【お客さま事例】株式会社レオパレス21様「BCP訓練で事業継続計画を実効性のあるものにして、お客さまの安心安全につなげる」
2025.10.14
「BCP訓練を行うことで事業継続計画を実効性のあるものにしていき、単に住環境を提供するだけでなく、お客さまの安心安全につなげて、お客さまを“支える”存在になっていきたい」
こう話すのは、日本全国で単身者向けアパートの賃貸・管理などを行う株式会社レオパレス21の総務購買部の上野善隆部長です。
同社では、BCP(事業継続計画)を実効性あるものにするため、2025年8月に役員や管理職クラスを対象にした机上訓練を実施。その背景にはどのような課題を感じていて、課題を解決するために訓練をどう活かそうとしているのか?詳しく話を伺いました。
流れ
- レオパレス21の事業活動でBCPの位置づけは?
- 熊本地震の体験が“事前の備え”の原動力に
- レオパレス21が直面していた現場と上層部の温度感の差
- BCP机上訓練導入のきっかけと感じた手応え
- BCP/BCM高度化の先に見据えるものとは?
レオパレス21の事業活動でBCPの位置づけは?
――まず、レオパレス21様の事業内容について教えていただけますか?
上野)主な事業内容はアパートなどの賃貸事業で、管理する戸数は全国で約55万戸※あります。入居者様のタイプでいいますと、約4割が個人利用、残り6割が企業の社宅として利用いただいています。
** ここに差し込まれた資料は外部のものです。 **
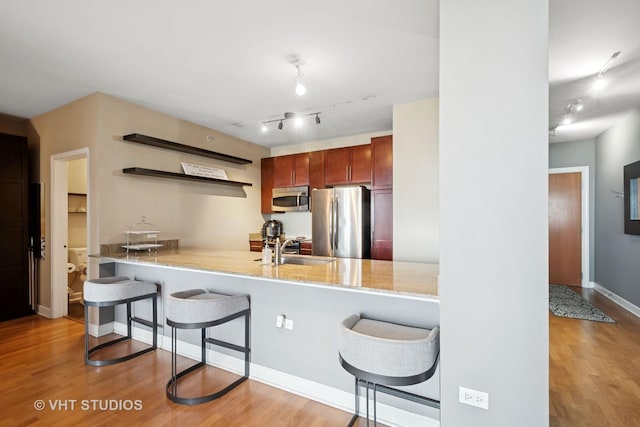 kitchen with a sink, appliances with stainless steel finishes, open shelves, and wood finished floors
こうした物件の管理や入居者様に対応するための当社拠点数は、全国にあわせて約85拠点あります。
※2025年3月期末現在
株式会社レオパレス21 総務購買部 上野善隆 部長
――レオパレス21様では、事業の中でBCPをどのように位置づけていますか?
上野)入居者様のお住まいという生活基盤を扱う企業になりますので、我々は“社会インフラ”の一端を担っていると考えています。ですから、入居者様や物件を所有されているオーナー様が安心して生活基盤の管理を我々に任せたいと考えていただくために必要な取組の1つとして、BCPがあると考えています。
熊本地震の体験が“事前の備え”の原動力に
――現状のBCPの取組状況について教えてください。
上野)まず私自身の話からすると、これまでずっと営業畑でキャリアを積んできて、2年前にBCPも所管する総務購買部に異動になりました。
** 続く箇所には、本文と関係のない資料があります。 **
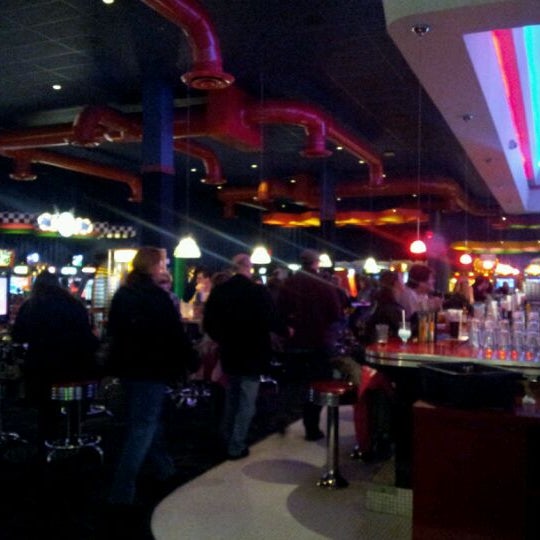 Photo taken at Dave &amp; Buster&#39;s by y c. on 12/18/2011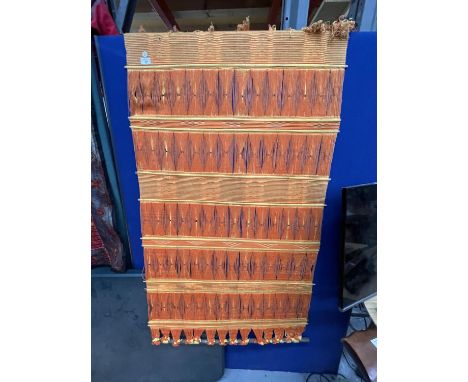 A VINTAGE ORANGE AND YELLOW WALL HANGING, 88CM X 170CM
その際に、当社のBCPの全体像を確認したのですが、外部のコンサルティング会社の協力も得ながら、方針や体制図といった外形的な部分は、一定の水準まで作られていることを理解しました。
その一方で、具体的に災害が起きた時などに、どういった行動をとる必要があるのかを整理したアクションプランについては、さらに実効性を高めていく余地があると感じました。ですので、当社の現状は、BCPをより実効性のあるものへとブラッシュアップしていくフェーズだと考えています。
――BCPの実効性を高めていくために、どのような点に課題があると考えていますか?
上野)地震や大雨などで各拠点が被災した場合に現場レベルで対応する上では、一定程度は機能するものだと評価しています。一方で、首都圏が被災して東京の本社機能が停止した場合に、出社できるかすらわからない状況下で本社がどう動くかがアクションプランには十分に示されていないことがわかりました。
子会社に所属している際に熊本地震の対応を経験したという上野氏
私は4年前まで、社宅選びや社宅管理を業務代行する子会社に所属していたのですが、その会社では全国に4つの拠点があり、その1つが熊本でした。2016年に熊本地震が発生した際は、現場が頑張ってくれたり、近隣の拠点で業務を巻き取ったりして何とか事業を継続することができたのですが、その時に強く感じたのが「事業継続のための補完体制は事が起こる前に作っておかなければならない」ということでした。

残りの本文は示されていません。